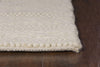 7'6" x 9'6" Wool White Area Rug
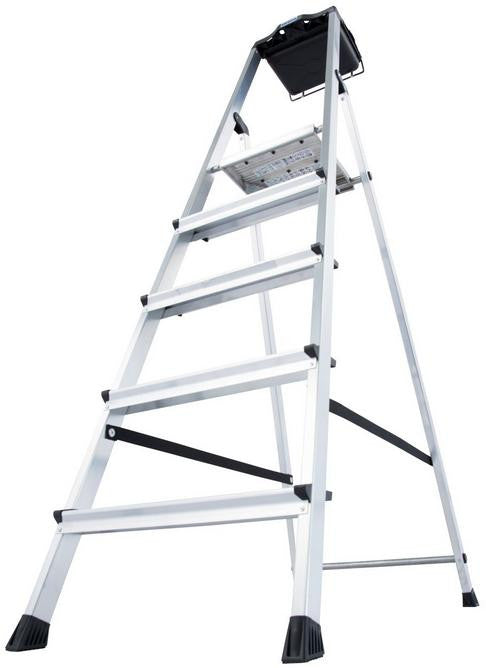 Drabina aluminiowa jednostronna Krause SECURY MultiGrip 1x5 z półką 126535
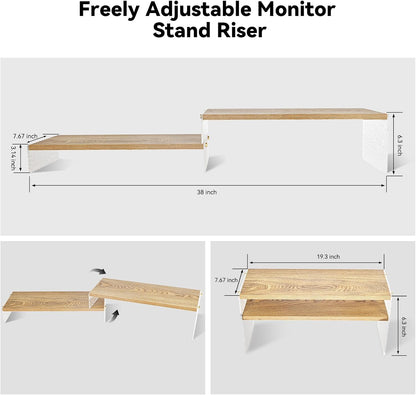 YGYQZ Adjustable Monitor Stand Riser with Acrylic Legs丨7.67" Wide Dual Monitor Stand for Desk丨2-Tier Wood Desktop Organizer for Computer, Laptop, Printer & PC丨Modern Aesthetic Desk Shelf(wood-flat)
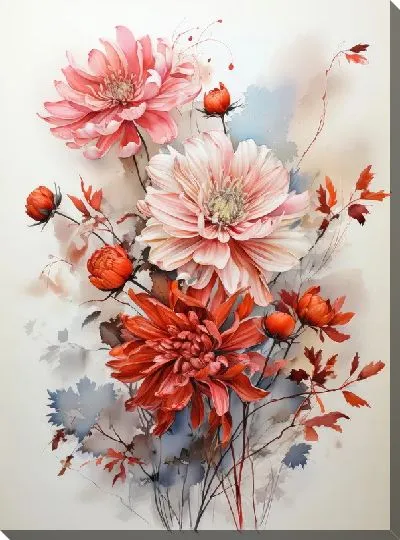 Картина маслом Астры в стиле акварель №17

» Task requirements
Your answer should hold only the lines from the one with "YGYQZ Adjustable Monitor" through the final line of the listing above, transcribed exactly and without pictures.

» Answer for this exercise
 YGYQZ Adjustable Monitor Stand Riser with Acrylic Legs丨7.67" Wide Dual Monitor Stand for Desk丨2-Tier Wood Desktop Organizer for Computer, Laptop, Printer & PC丨Modern Aesthetic Desk Shelf(wood-flat)
 Картина маслом Астры в стиле акварель №17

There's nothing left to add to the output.